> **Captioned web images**
################
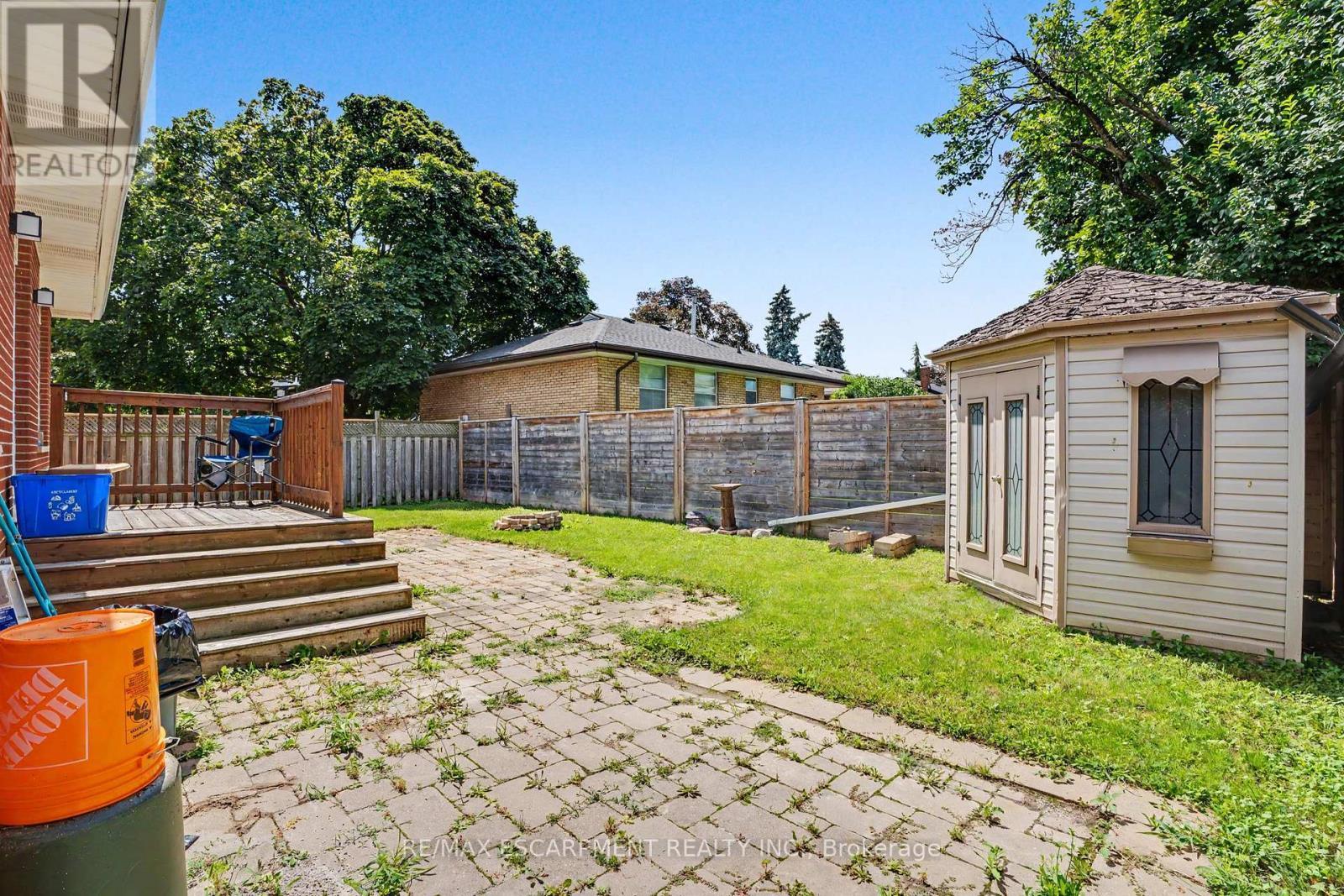 100 Hardale Crescent, Hamilton, ON - Outdoor With Exterior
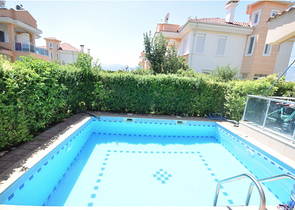 Отдельностоящая вилла 5+1 с бассейном в Алтынкале Дошемеальты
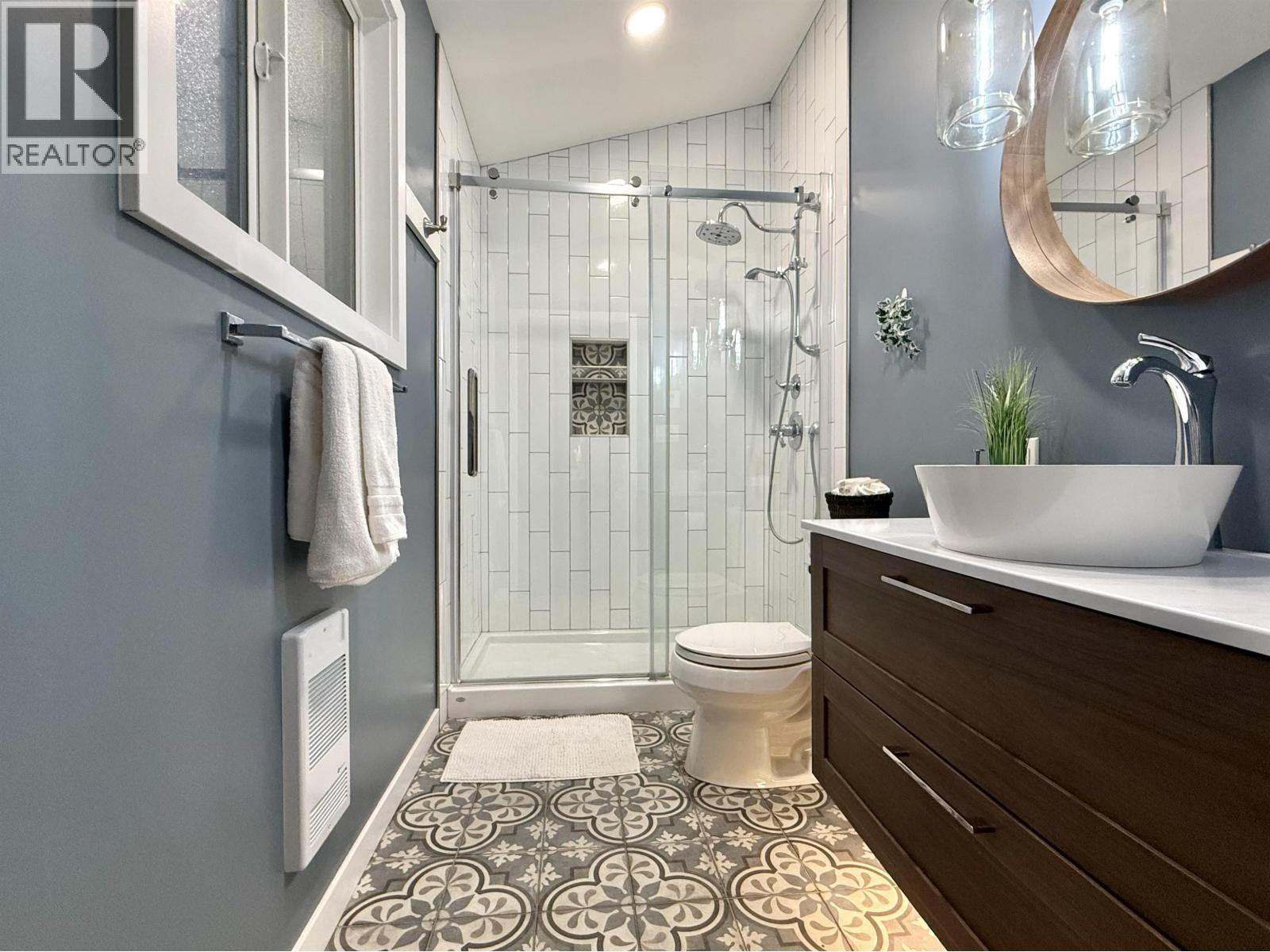 94 Coho Avenue, Kitimat, BC - Indoor Photo Showing Bathroom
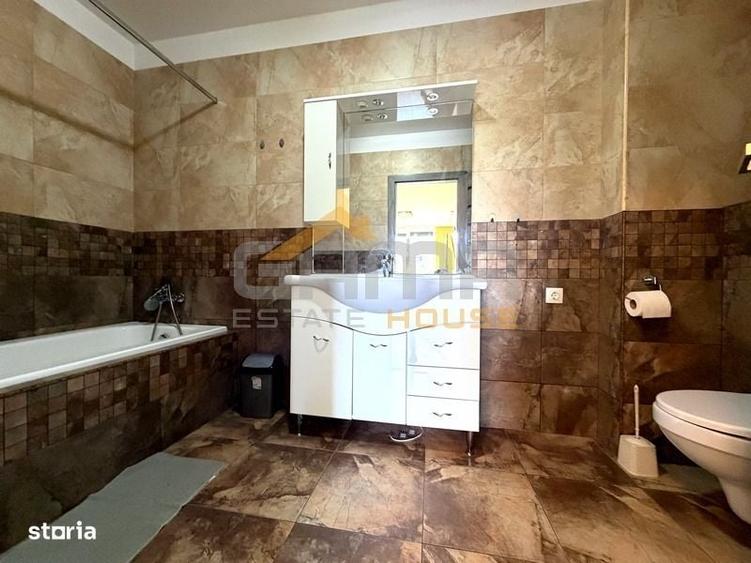 Apartament cu 3 camere în Intim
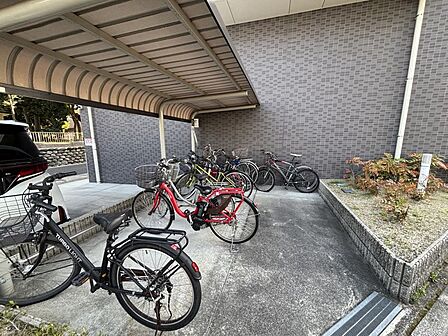 屋根付き駐輪場完備で雨天時も安心。雨風をしのげて出入りしやすく管理もしやすい設備です!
################
> **What the exercise asks**
Please make an exact copy of the records, leaving out any picture.

> **Exercise answer**
 100 Hardale Crescent, Hamilton, ON - Outdoor With Exterior
 Отдельностоящая вилла 5+1 с бассейном в Алтынкале Дошемеальты
 94 Coho Avenue, Kitimat, BC - Indoor Photo Showing Bathroom
 Apartament cu 3 camere în Intim
 屋根付き駐輪場完備で雨天時も安心。雨風をしのげて出入りしやすく管理もしやすい設備です!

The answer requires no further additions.